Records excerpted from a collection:
☆ ☆ ☆ ☆ ☆ ☆ ☆
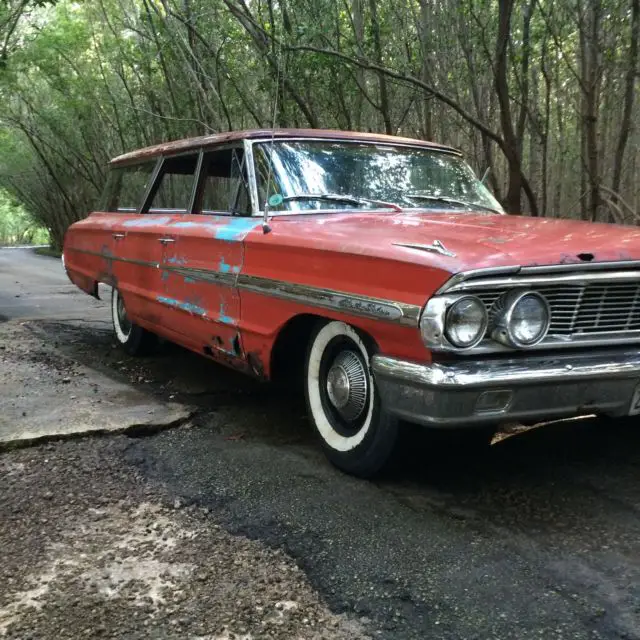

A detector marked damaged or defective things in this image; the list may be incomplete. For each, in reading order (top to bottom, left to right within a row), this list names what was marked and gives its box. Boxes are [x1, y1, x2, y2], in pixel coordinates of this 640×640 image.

peeling paint [156, 296, 206, 316]
cracked asphalt [1, 248, 640, 636]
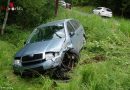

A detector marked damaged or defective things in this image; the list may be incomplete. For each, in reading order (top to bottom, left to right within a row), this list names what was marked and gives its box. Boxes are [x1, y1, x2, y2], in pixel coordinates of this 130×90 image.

crashed silver suv [12, 18, 86, 74]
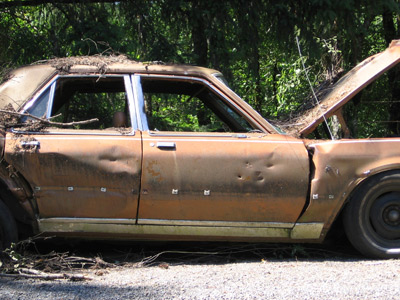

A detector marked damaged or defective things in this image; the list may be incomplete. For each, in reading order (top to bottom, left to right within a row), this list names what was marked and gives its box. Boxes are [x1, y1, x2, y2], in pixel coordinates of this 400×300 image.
☆ ☆ ☆ ☆ ☆ ☆ ☆
• _Task requirements_
Set down exactly and only the lines from the line that contains "this 130×90 image." through the last line of the entries above, with both of those lines included and the pictures left out.

• _Answer to this exercise_
A detector marked damaged or defective things in this image; the list may be incomplete. For each, in reading order (top to bottom, left to right within a row), this list names what was marked and gives its box. Boxes are [x1, y1, x2, y2], in pixel coordinates of this 130×90 image.

crashed silver suv [12, 18, 86, 74]

A detector marked damaged or defective things in this image; the list may be incomplete. For each, in reading order (top to bottom, left to right within a row), this list names what was marked and gives its box. Boxes are [x1, y1, x2, y2], in pixel coordinates of this 400×300 image.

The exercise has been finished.